On the record, cut with an audience in the studio, Waits breaks the mold of the conventional singer-songwriter and presents himself as a be-bop raconteur, a scatting storyteller and spontaneous, rapid-fire imagist reciting to the fourth-gear highway rhythms of a smoky jazz trio. The inescapable first impression is that of the '50s jazz-and-poetry format, but Waits is leery of the term poetry and thinks that too much is made of his Beatnik connection.

"I hate that reference because of the stigma that's attached to it" — Maynard G. Krebs with some bongos. I'm not having a vicarious '50s thrill or trying to come off like Manhattan Transfer. Stylistically, most writers and performers draw from wherever they can. There's all kinds of resource out there. You suck it up if you can. You should be thirsty for it, whatever it is, and then integrate it into what you're doing now."

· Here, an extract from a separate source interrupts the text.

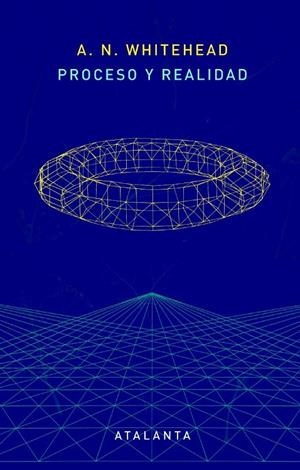 Proceso y realidad | 9788412213027 | Whitehead, A.N.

"I don't like the word poetry and I don't like poetry readings and I usually don't like poets. I would much prefer describing myself and what I do as: I'm kind of a curator, and I'm kind of a night-owl reporter. Maybe a little bit of Damon Runyon in me or something... I always had a great appreciation for jazz, but I'm a very pedestrian musician. I get by. I like to think that my main instrument is vocabulary."

Waits was 19 when he moved north and started the Troubadour hoot-night hustle. "I was as ambitious as hell. I wasn't any good, but I was ambitious, and I thought I was better than anybody, and I sucked raw eggs. But you have to think that way. To let an audience intimidate you is musical suicide." He gradually honed his stagecraft — "hanging cut, listening to stories, picking up ideas, one-liners, jokes" — and eventually developed his highly individual stage persona and style.

"A performance is not real life," he asserts. "I mean, to light up a cigarette here is one thing, but to light one on stage is a whole other world. I have to be completely aware of the figure that I cut on stage. I'm a caricature of myself up there. It's just an exaggeration of my own personality."

"That's very important, personality, and most performers don't think about it, I guess. Maybe most performers don't have one, or else they don't know how to show it to you on stage, which is the hardest thing in the world to do and come off unpretentious. It really has to be choreographed and calculated... to make it look spontaneous. I'm an entertainer, just like Rodney Dangerfield is an entertainer. I have one prop, an old suitcase, and the rest is just creating an illusion."

"This is where I live when I'm at home," he says, his eyes rummaging through the rubble. "I don't have designs on affluence. I'm not eccentric, I don't think I know what I'm doing. I'm just trying to be bona fide, and not have to compromise my integrity too much. It's a lot easier to deal with being an underdog than it is being a household word. I'm a legend in my own mind, a kind of tumor in my own mind. I'm not on the verge of national prominence or anything."

"I tell you, though, I'm real big in Philadelphia. That's all I know. Anyplace else surprises me. Philadelphia boy" — a halting James Dean smile flits across his face — "in Philadelphia I get recognized at intersections."